Ramazan Sohbetleri-4
O boğuk, o boğucu ses, dünyanın sonu gibidir Ali Ahmet için. Çocuk, anında sırtını döner, başını ellerinin arasına alır, gözlerini yumar ve dünyaya kapatır kendini. Korkar ve kaçar Ali Ahmet. Çok utanır ama her seferinde elinden başka bir şey gelmez.
Aynı anda annesinin komutları yayılır evin her yanına. Kadın, kucağındaki kızının el ve ayak bilekleri ile şakaklarını kolonya ile ovar. Kızının yüzüne sular “fiskeler.”
Şaşar Ali Ahmet. Annesinin bu cesaretine, bu “kavi yüreğine” şaşar. Bir de annesine hiç yardımcı olmadığı, olamadığı için utanır.
Kız ayılır fakat kendisine gelmesi pek öyle kolay olmaz. Gözleri kocamandır. Beti benzi atmış, yüzü sararmıştır. Kadın güzelce yıkar kızının elini yüzünü. Şefkatle kurular. Somyaya yatırıp üstünü örterken okur üfler. Kız derin bir uykudan sonra ancak kendine gelecektir.
Ablasının hastalığının adını çok erken öğrenmiştir Ali Ahmet.

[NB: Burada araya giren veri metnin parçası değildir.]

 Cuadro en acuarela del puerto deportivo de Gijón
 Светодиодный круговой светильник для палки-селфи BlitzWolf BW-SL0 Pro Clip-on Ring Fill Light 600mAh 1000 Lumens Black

Epilepsidir kızın hastalığı. Sara der birileri. Çocuk sara denmesini sevmez. Hele ablasından “saralı” diye bahsedilmesine çok kızar, öfkelenir.
O zamandan öğrenmiştir Ali Ahmet; onun için hayatı boyunca hiç kimseye lakap takmamış, hiç kimseye lakabıyla hitap etmemiş, hiç kimseyi lakabıyla anmamıştır.
“Ey inananlar! Bir topluluk bir diğerini alaya almasın, belki de onlar kendilerinden daha iyidirler. Kadınlar da başka kadınları alaya almasınlar, belki onlar kendilerinden daha iyidirler. Kendi kendinizi ayıplamayın; birbirinizi kötü lakaplarla çağırmayın; inandıktan sonra yoldan çıkmış olmak ne kötü bir addır. Tevbe etmeyenler, işte onlar zalimlerdir.”1 ayetini doğal yolla daha o zamandan öğrenmiştir.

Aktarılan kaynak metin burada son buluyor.